Have you ever wondered why some dogs howl? We all know that dogs bark and whine and cry and whimper. These are all perfectly normal ways for a dog to communicate. But you may forget that dogs howl, too. They may not do it very often, but your dog is just as capable of howling as any wolf or coyote.
Barking, whining, whimpering and howling are all ways for your dog to communicate and they all signify some particular feeling or desire. We're most familiar with barking and other daily sounds our dogs make. We can identify the way our dog barks to let us know he's hungry or he wants out. We usually know what it means when a puppy whimpers. But it can be quite startling to hear a dog howl.
Dogs may howl for several reasons and they are similar to the same reasons that wolves howl. Anyone who has ever heard the haunting, lonely sound of a wolf's howl probably won't soon forget it. A wolf may howl when he's alone to give his position to his packmates. He may howl, in essence, because he's lonely and he wants to be found.
Your dog may howl for much the same reason. If you have to leave your dog home alone it's possible that your dog can develop a habit of howling in your absence to express his loneliness. In a way, he's letting others know where he is. His "pack" (that would be you) is missing and he wants to be found, or he wants you to make your way back home to find him. The howl is like a beacon so the two of you can find each other.

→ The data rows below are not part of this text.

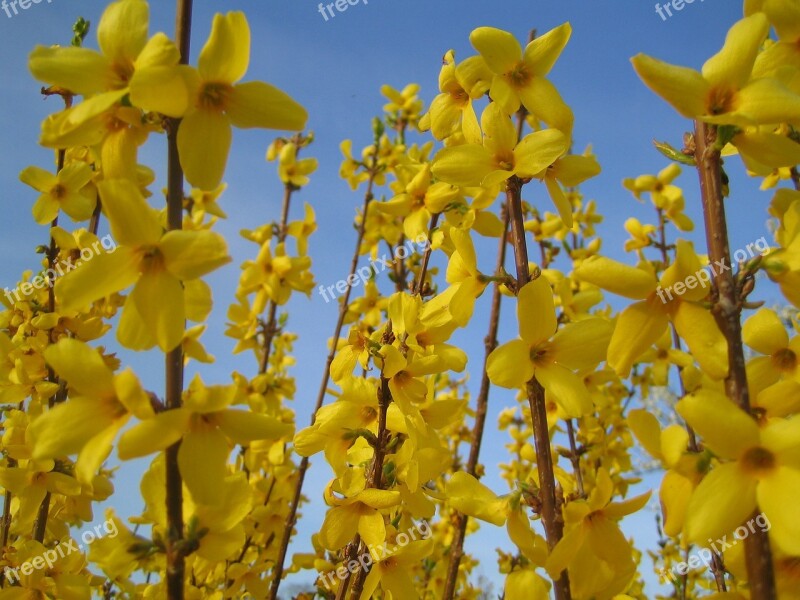 Forsythia Gold Lilac Golden Bells Ornamental Shrub Blossom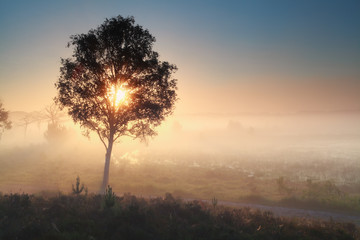 Fototapeta na wymiar sunshine through tree during misty morning
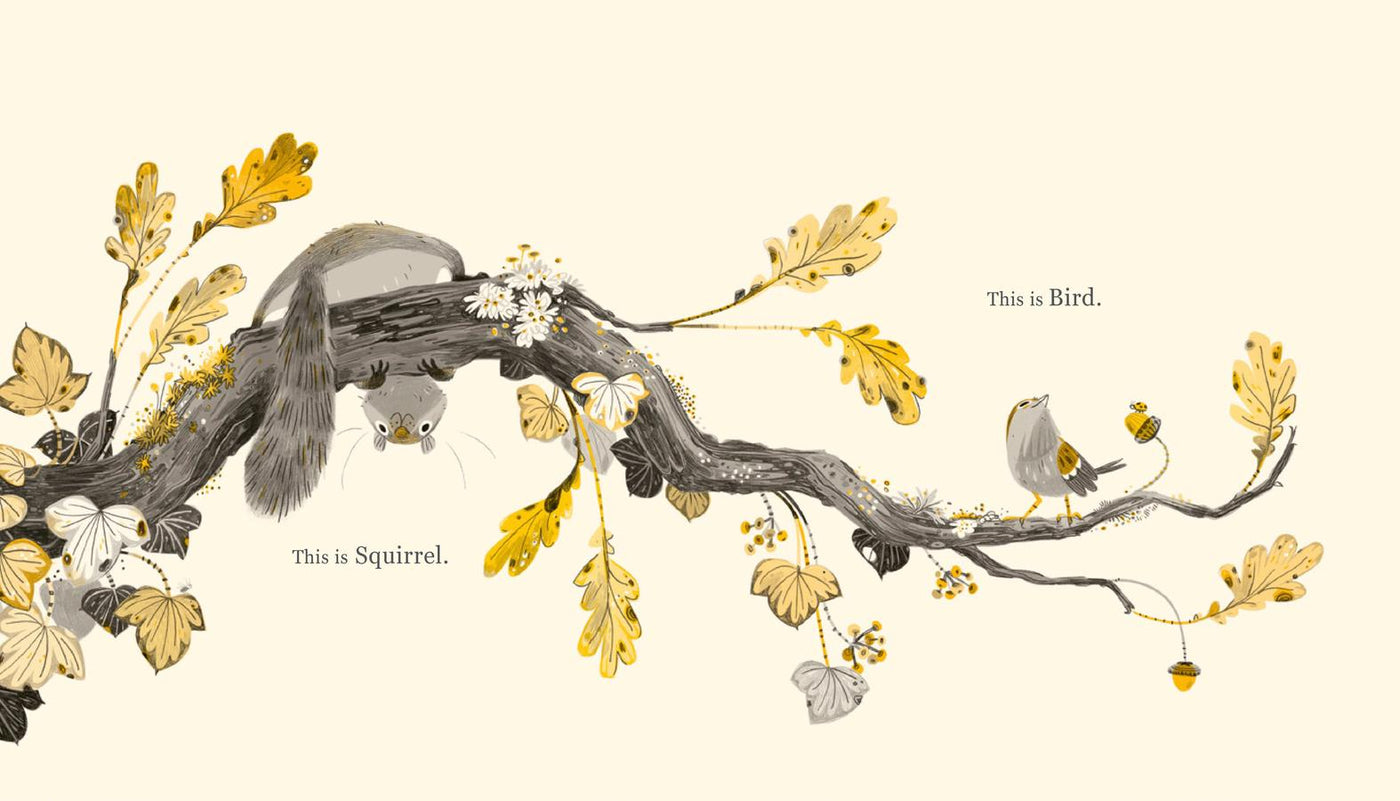 Squirrel and Bird US - Hardback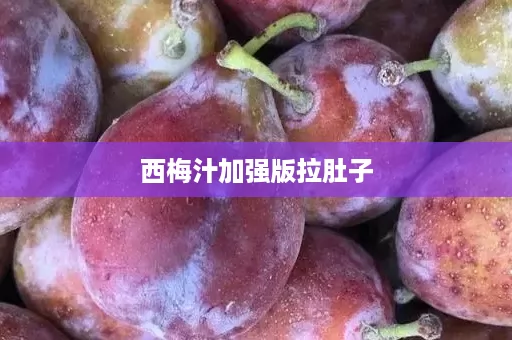 西梅汁加强版拉肚子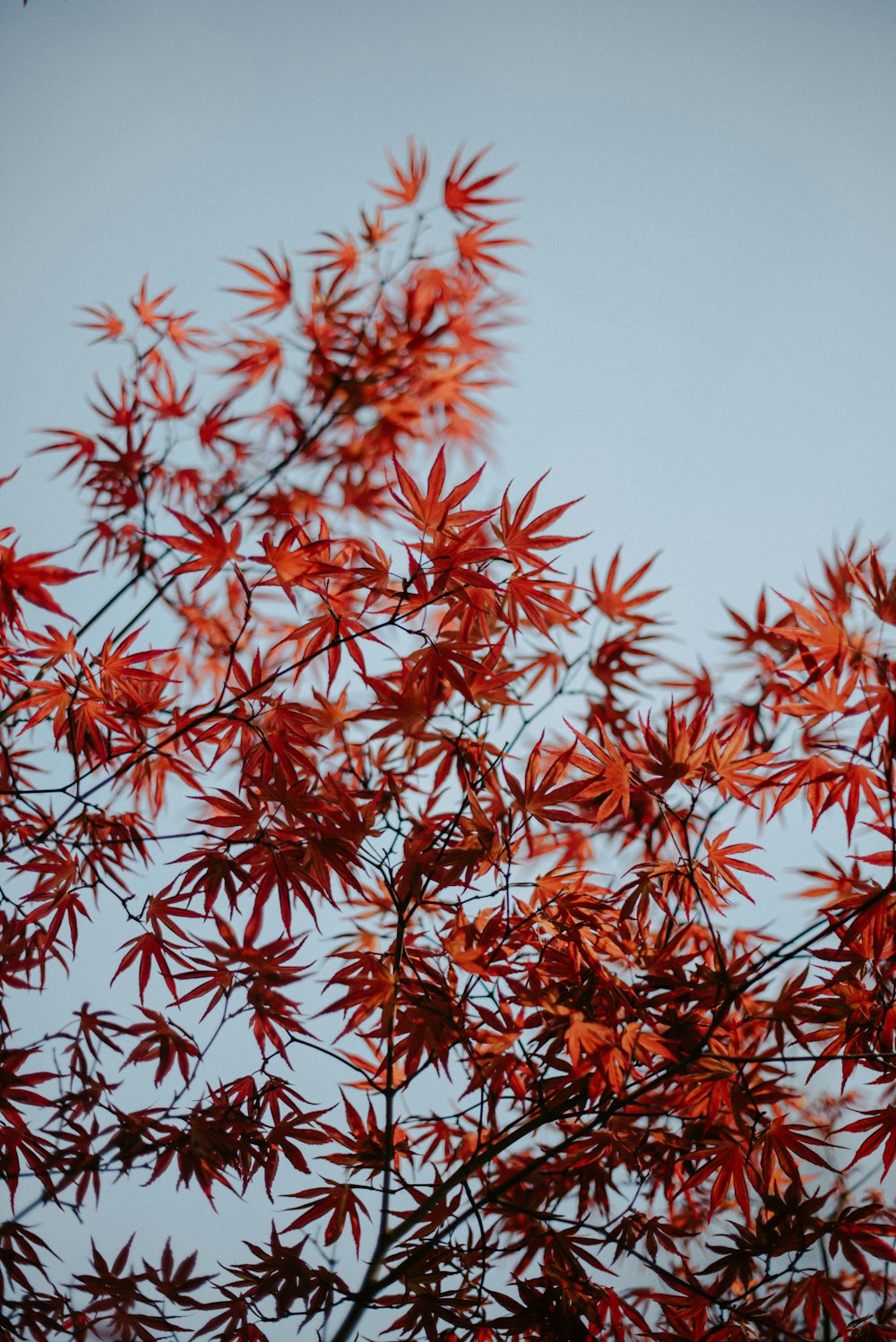 a tree with red leaves against a blue sky
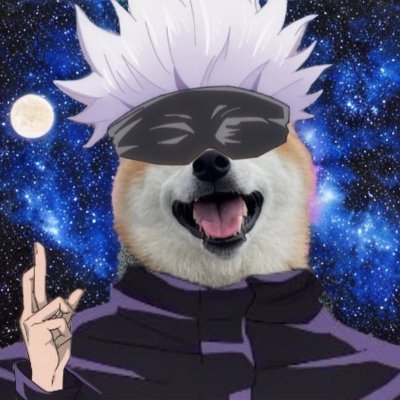 DonDaan11's profile picture. Advisor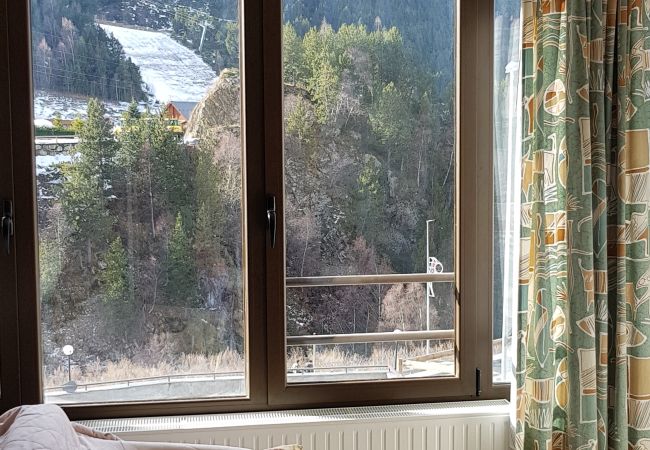 Estudi en El Tarter - Esquirol Estudi en El Tarter - Esquirol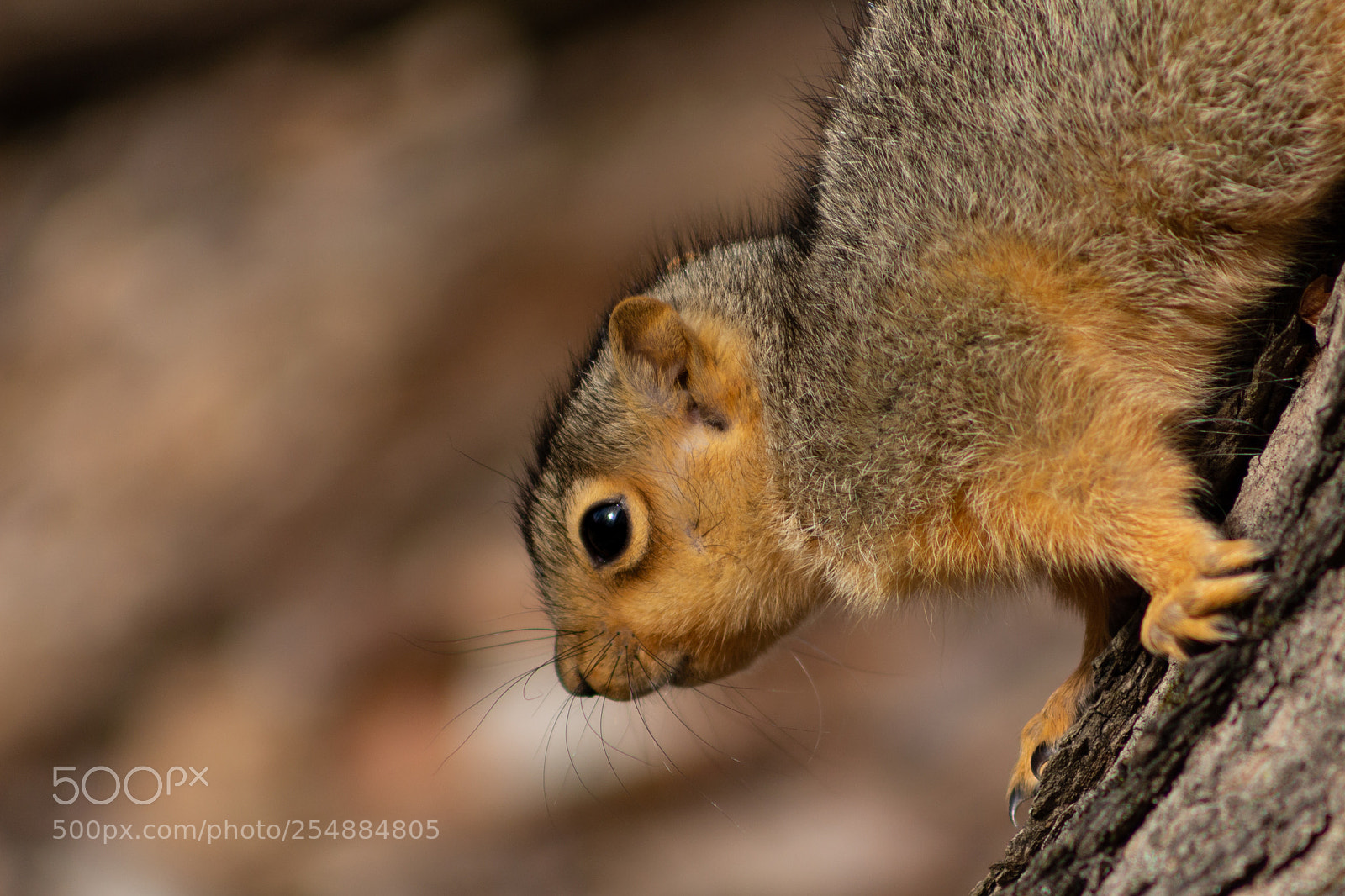 Canon EOS 700D (EOS Rebel T5i / EOS Kiss X7i) sample photo. Young squirrel descending photography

Of course, your neighbors probably won't appreciate your dog's howling.
The howl of a dog can carry for long distances so, for both wolves and dogs, howling is very useful when the animals are separated. Howling can be a way for the animals to try to re-establish contact with each other.
Fortunately, most dogs don't howl this way very often, or for long periods of time. They may bark anxiously, or bark for pleasure or as a nuisance, but howling itself isn't that common among domesticated dogs. There are exceptions, of course. Some hounds enjoy a good baying session. Baying is somewhat different than howling since it usually has some prey as an object - a squirrel up a tree, for instance - but, again, your neighbors probably won't appreciate the subtle differences.
Some dogs may also howl when they hear sirens or music. No one really knows why dogs feel the need to accompany these sounds with their own howl. The answer could be anything from the sound hurting their ears to just wanting to join in.
If you have a dog who howls there's probably not much you can do about it. If the howling seems to be related to separation anxiety you can work on ways to reduce your dog's anxiety by consulting with your veterinarian and/or a canine behaviorist. Otherwise, your dog probably won't howl very often. If and when he does you should pay attention and see what triggers the event. It could be something important.